Under Military, given that the military was the government, internal security became the added duty of the military, and the foundation and basis for the erosion of the capability of the police and the credibility of the police with regards to maintaining internal security began to be laid and consolidated.
Thus, it is that at the inception of the fourth republic in 1999, the Nigerian state had become one that encountered citizens as potential dissidents to be pacified; one whose apparatus of force was deployed by the faction controlling it in pursuit of its own interest; and one in which the police had become hollowed out, and transformed into a glorified vigilante, armed, but insufficiently equipped and trained, and angry by its rejection by, and alienation from both the state and citizens.
A major factor in the internal security challenges faced by the country is thus supplanting of the role of the police by the military in internal security, and the dysfunctional character of the Nigerian state and of the ensuing governance.
WHAT IS TO BE DONE?
• From the foregoing it is clear that there is an urgent need for the comprehensive reform of the police, and of policing – that is including all the other law enforcement and internal security agencies.
• However, for this reform to be effective and impactful, there is a need to see the security sector and the criminal justice sector as integrated and mutually dependent; and thus to see the reform agenda and process as a comprehensive, holistic, and integrated reform of the police, law enforcement and policing, and of the courts, correctional system, etc, among others; and one that is taking place concurrently and simultaneously.
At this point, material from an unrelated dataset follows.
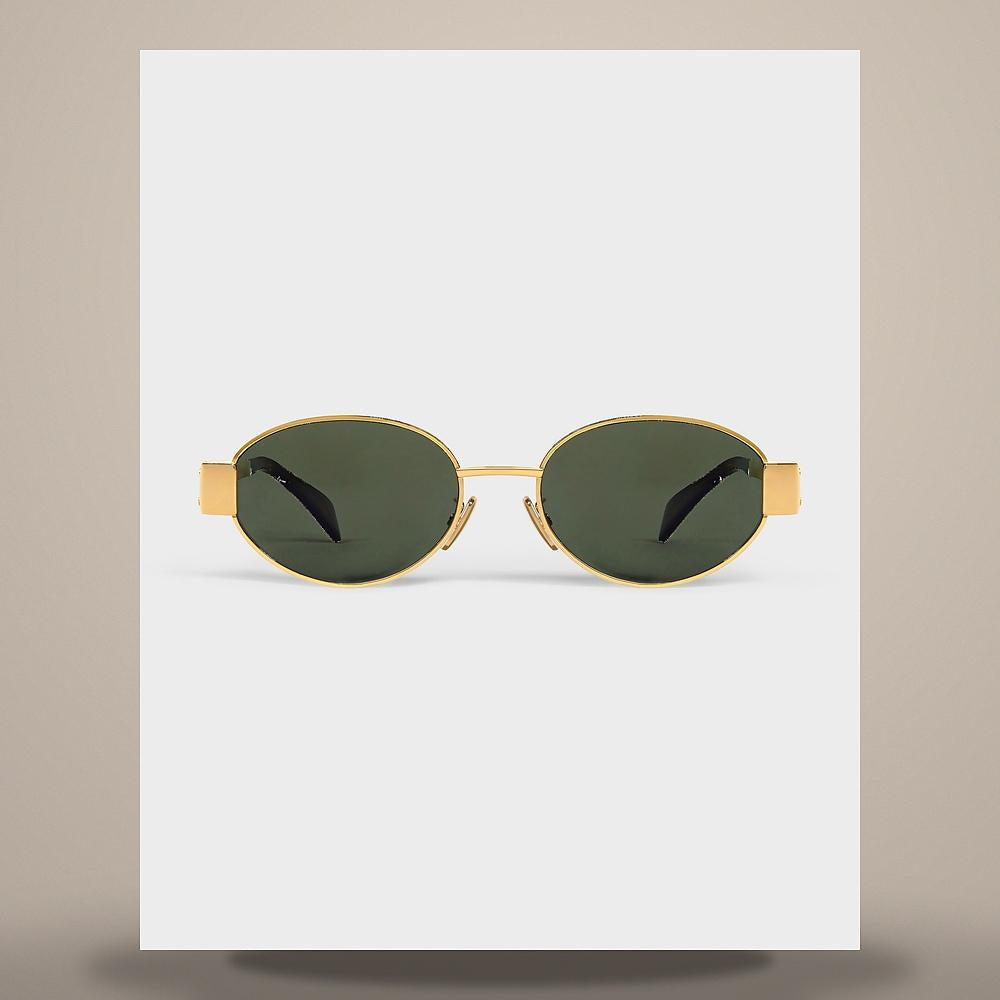 CELINE Triomphe 01 Metal Sunglasses Gold Frame Green Lenses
• An integral part of this comprehensive reform is the withdrawal of the military from routine internal security functions, and the concomitant building of the capability of the police to undertake its role as the lead internal security agency.
• To police a country as large and diverse as Nigeria, policing needs to be devolved and decentralized. This will require constitutional amendments that will enable federating units to establish policing agencies; and that will move internal security, police, law enforcement, correctional institutions, among others from the exclusive legislative list to the concurrent legislative list.
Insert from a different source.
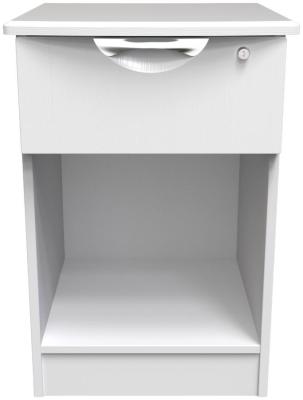 Flora White 1 Drawer Bedside Table With Lock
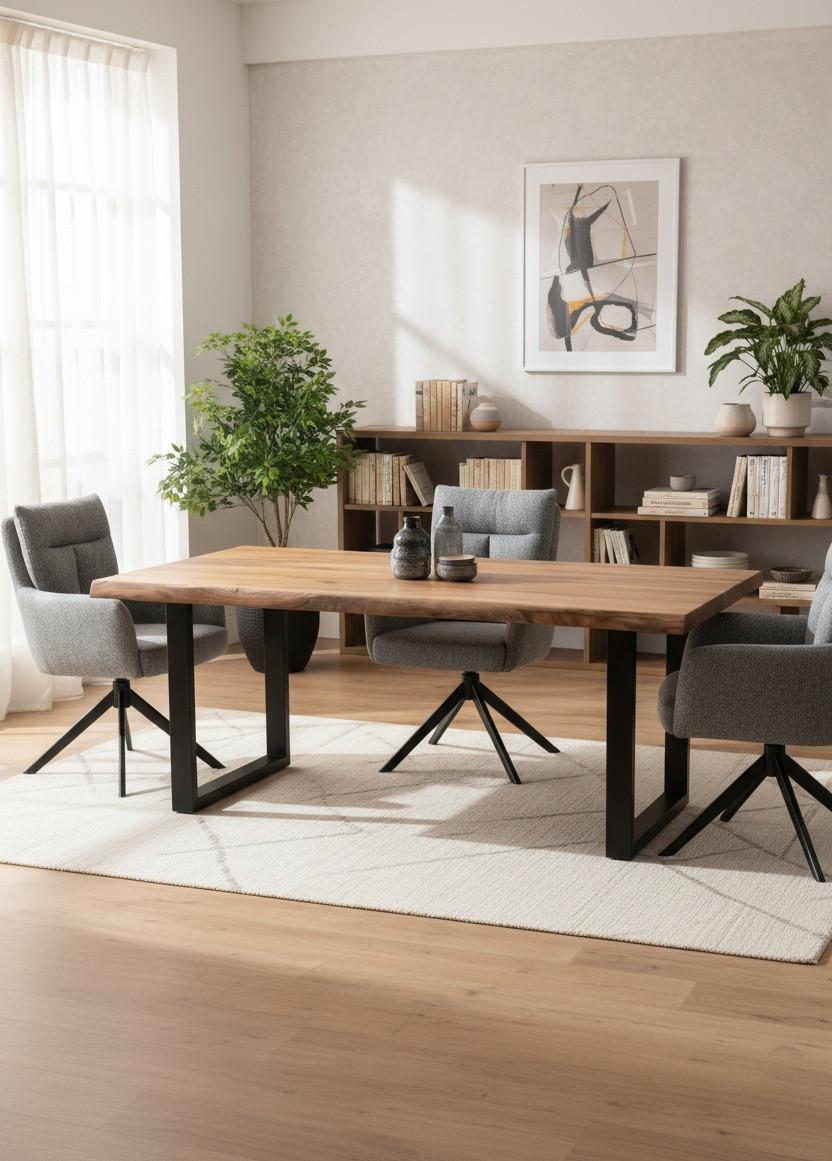 Armlehnstuhl Ella Ella - Schwarz/Grau, KONVENTIONELL, Textil/Metall (60/95/67cm) - MID.YOU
• A constitutional amendment guaranteeing universal citizenship of Nigeria on the basis of residency – that is anyone qualified for Nigerian citizenship is a citizen of Nigeria and the state where they are resident – has become very urgent. This will ensure that when policing has been devolved and decentralized, and federating units are able to constitutionally establish their police services, this will be based on residency, and any Nigerian resident in any state will be able to become recruited into and serve in the state police.
• Ultimately, a holistic and comprehensive governance reform will also be required, one that will address the character and nature of the Nigerian state and retool and re-engineer it into a state that is responsive the needs and aspirations of her citizens, and one that in so doing is oriented towards provisioning the basic needs and social services and infrastructure of citizens – that is a state that responds to and fulfils the intent of the constitution in chapter two of the constitution of the federal republic of Nigeria [CFRN]1999.
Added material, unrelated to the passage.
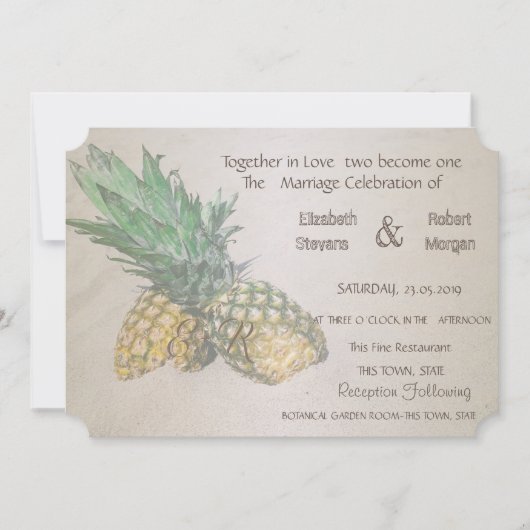 Plage Mariage Ananas Invitation (Devant)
• To fill the governance vacuum at local community level, and enable the effective implementation of community policing as a strategic approach to security, there is a need as part of a comprehensive governance reform to explore the potential for establishment of formal, constitutionally enabled self-government institutions at the community level. Communities through formal community administrations should become a tier, the forth tier of government/administration in Nigeria.
• Furthermore, immediate steps will be required to be taken undertake the full implementation of the provisions of Police Act 2020 [as well as the Police Trust Fund Act] towards enabling the reform of the current federalized Nigeria Police.